A particular storyline features a jockey with a brain injury. So, Neal has to draw horses. Not just one or two… entire professional horse races. There are only a handful of talented artists who can accurately depict horses, racetracks, and jockeys, especially when they’re only 23.

March 7, 1965

May 16, 1965

Then there are the women. Maggie Graham, Ben Casey’s loyal girl Friday, appears in the daily strip as a beautiful woman, but Neal drew other female characters with different hair styles and sometimes downright stunning figures. The Sundays, however, were populated by easily Neal’s most beautiful female faces.
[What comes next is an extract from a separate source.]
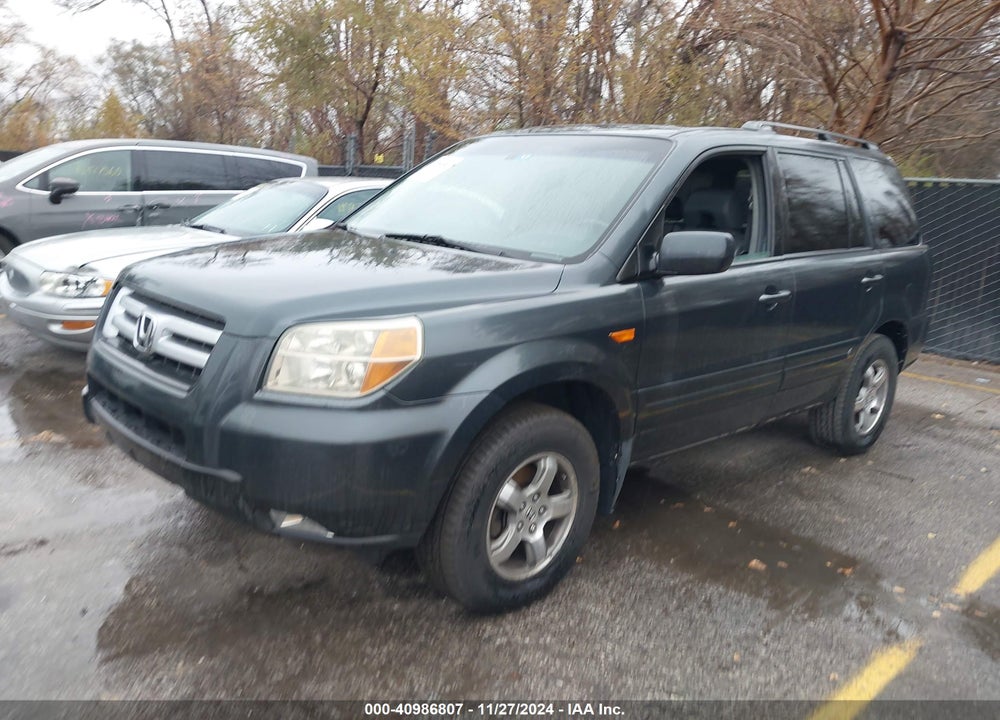 2006 HONDA PILOT EX-L VIN: 5FNYF28566B012290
One storyline features a younger woman and Ben Casey on (what?!) vacation in bathing suits. Ben’s masculine chest and the woman’s modern (for 1965) bikini is an exercise in drawing beautiful people frolicking in a pool with all the subverted sexual tension allowed at the time. Even the woman struggling with alcohol is a stunning beauty. Their hair is exceptional, as Neal learned from studying the great Stan Drake (in The Heart of Juliet Jones). Neal may be best known for his version of Talia al Ghul, but his Ben Casey Sunday women are undoubtedly the finest representation of their gender.

Oct. 31, 1965

Nov. 14, 1965

Jan. 3, 1965

Feb. 6, 1966

June 5, 1966

Oct. 10, 1965

Of course, I would be remiss if I did not mention the famous “hidden face” Sunday, a precursor to the equally well-known “hidden face” Deadman page years later. The young Neal Adams had no fear of trying new storytelling techniques in his Sunday strips. Striking down-shots, long, thin panels, crowd scenes, and the start of his experimentation with forced perspective.

Dec. 20, 1964

Did I forget to mention the cars? Oh, my! The very first Sunday has a beautiful young woman rocketing down the street in a classic speedster, wind blowing in her hair, with the cops right behind her. Neal’s cars throughout the entire run of Ben Casey were stunningly cool and slick. It’s no wonder that when he had to redesign the Batmobile, he made it a fast-looking muscle car… not a tank or a car with a big bat face on the front. Neal always said, “How could Batman sneak up on someone with a cartoon car? No, Batman should drive something super-cool that could fade into traffic.” In Ben Casey, a realistic strip, the cars are well-researched and carefully drawn. They are a Bullitt car, or a slick Gran Torino, or a 1965 Pontiac GTO: badass, 1960s muscle cars.

June 19, 1966

Ben Casey Sundays remain some of Neal’s best work. Even years later, when Neal was drawing Batman and the material was more popular and commercial, there was something magical about his Ben Casey. I have spent several months gathering good copies of all the strips and Sundays for the possibility of printing a collection of the best.  If I can get copies of the last eight Sundays, I think we’re in business! It’ll be a belated birthday present for one of the greatest to have ever drawn comic strips or comic books or painted covers or… a thousand, thousand other things.

Happy birthday, big guy!

MORE

— 13 Magnificent NEAL ADAMS COVERS — Compared With the Original Art. Click here.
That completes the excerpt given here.